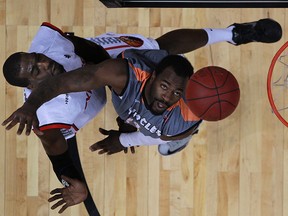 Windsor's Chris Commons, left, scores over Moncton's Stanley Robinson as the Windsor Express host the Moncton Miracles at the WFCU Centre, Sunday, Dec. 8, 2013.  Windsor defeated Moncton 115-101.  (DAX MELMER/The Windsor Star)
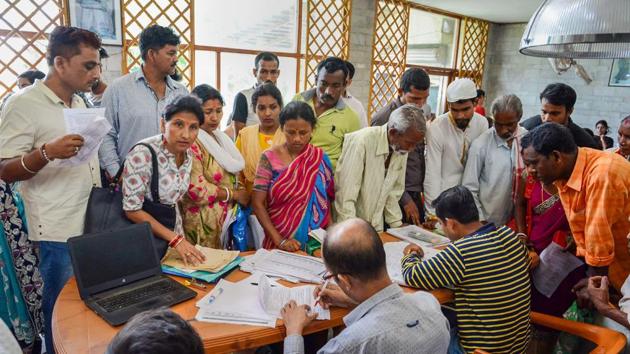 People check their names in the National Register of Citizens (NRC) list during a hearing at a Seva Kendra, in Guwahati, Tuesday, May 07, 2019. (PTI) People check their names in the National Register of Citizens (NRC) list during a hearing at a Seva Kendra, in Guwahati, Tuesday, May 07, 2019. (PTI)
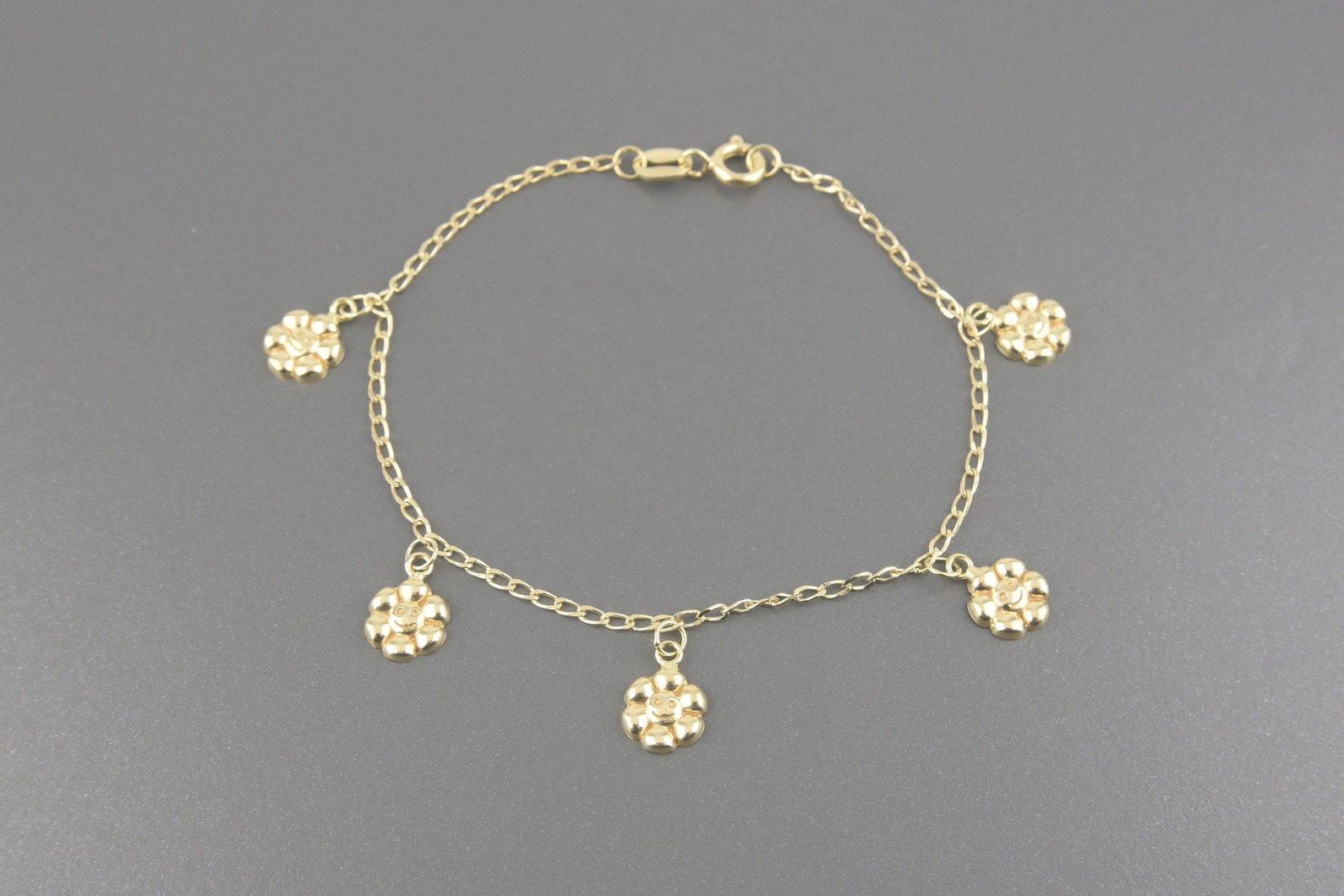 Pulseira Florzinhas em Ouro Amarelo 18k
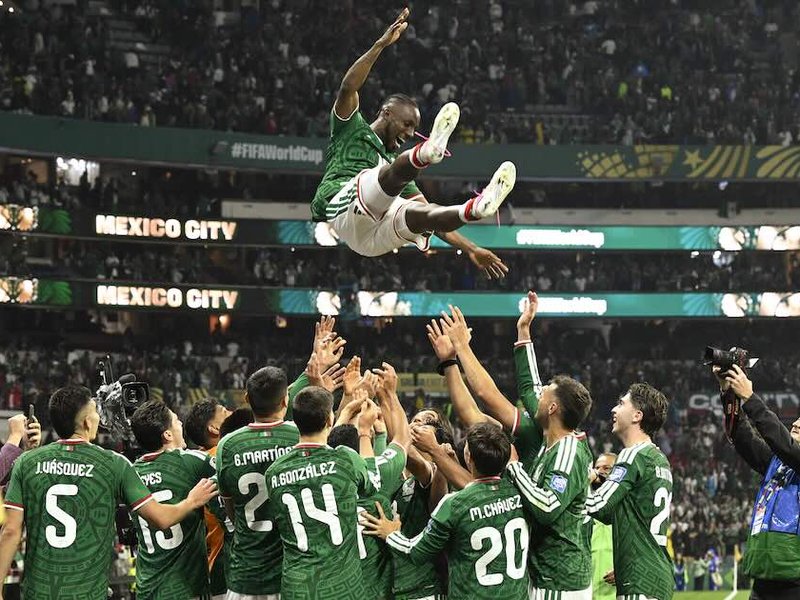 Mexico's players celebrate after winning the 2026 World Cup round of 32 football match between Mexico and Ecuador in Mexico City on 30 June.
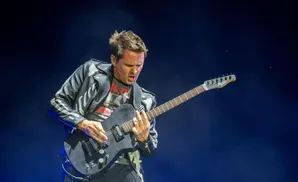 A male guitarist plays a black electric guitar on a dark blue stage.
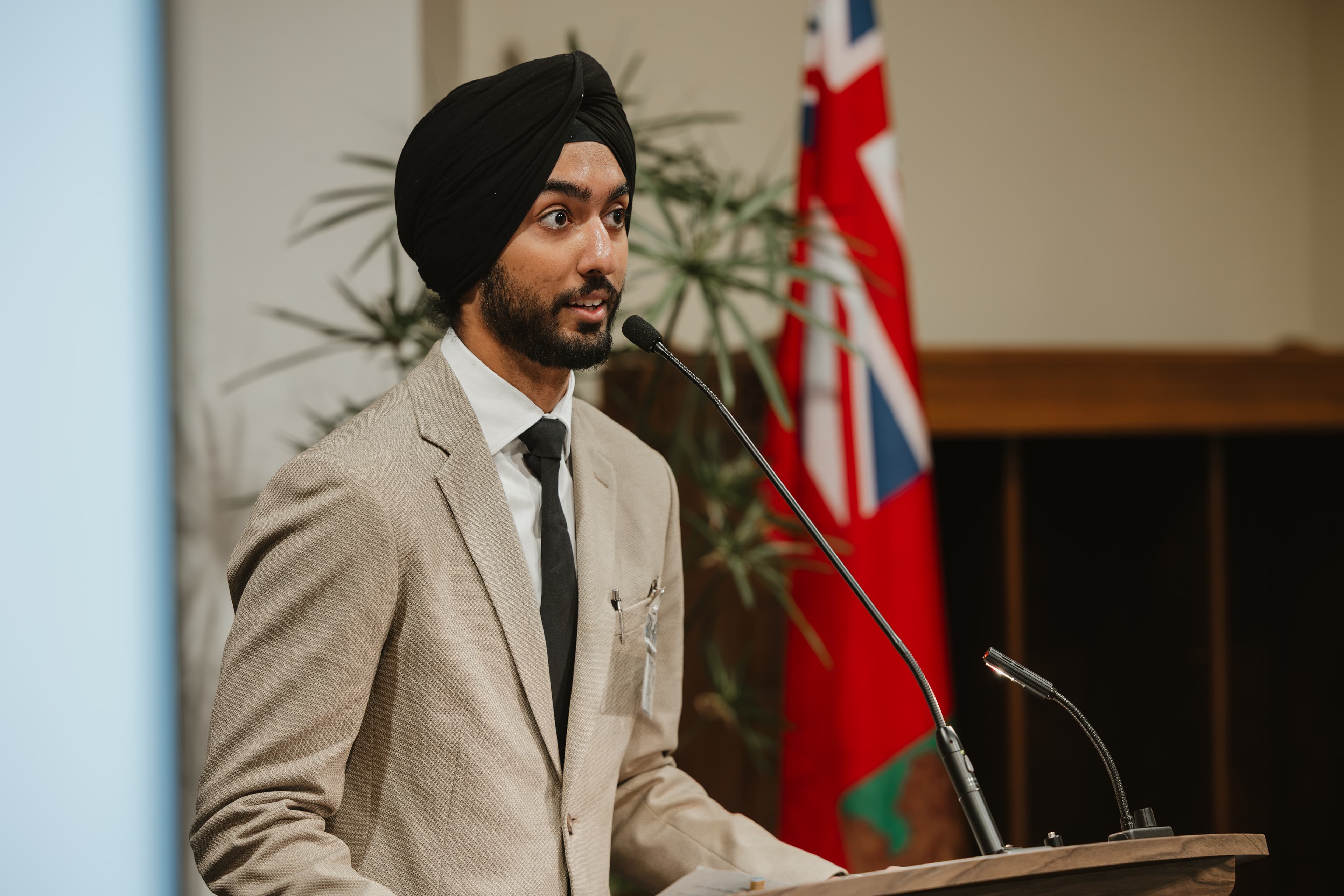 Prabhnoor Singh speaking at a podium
==========
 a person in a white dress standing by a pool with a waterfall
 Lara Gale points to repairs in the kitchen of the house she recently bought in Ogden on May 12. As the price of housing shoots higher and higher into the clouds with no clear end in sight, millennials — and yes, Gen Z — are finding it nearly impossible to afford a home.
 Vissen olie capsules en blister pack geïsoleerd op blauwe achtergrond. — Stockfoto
==========
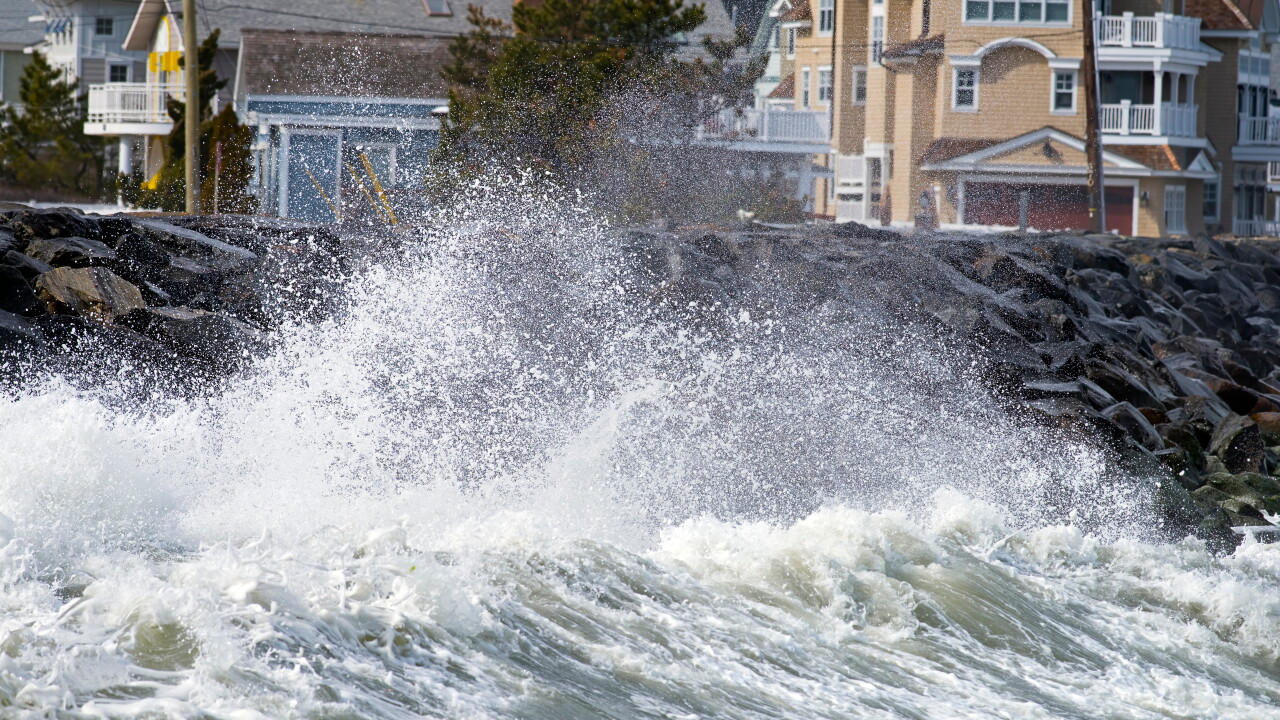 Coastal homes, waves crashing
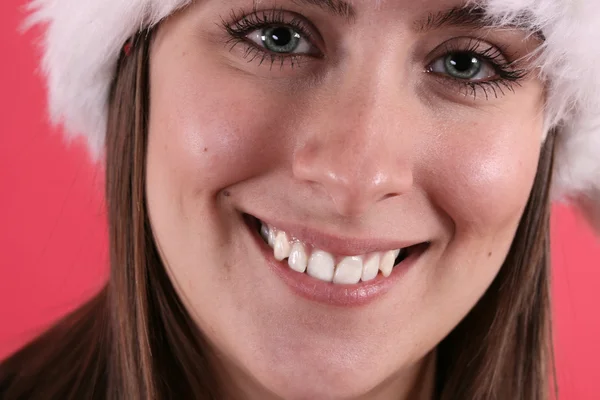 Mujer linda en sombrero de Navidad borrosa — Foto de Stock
==========
» **Your task**
Go through the material above and output exactly the lines from the one containing "Lara Gale points" through the one containing "Vissen olie capsules".

» **Worked solution**
 Lara Gale points to repairs in the kitchen of the house she recently bought in Ogden on May 12. As the price of housing shoots higher and higher into the clouds with no clear end in sight, millennials — and yes, Gen Z — are finding it nearly impossible to afford a home.
 Vissen olie capsules en blister pack geïsoleerd op blauwe achtergrond. — Stockfoto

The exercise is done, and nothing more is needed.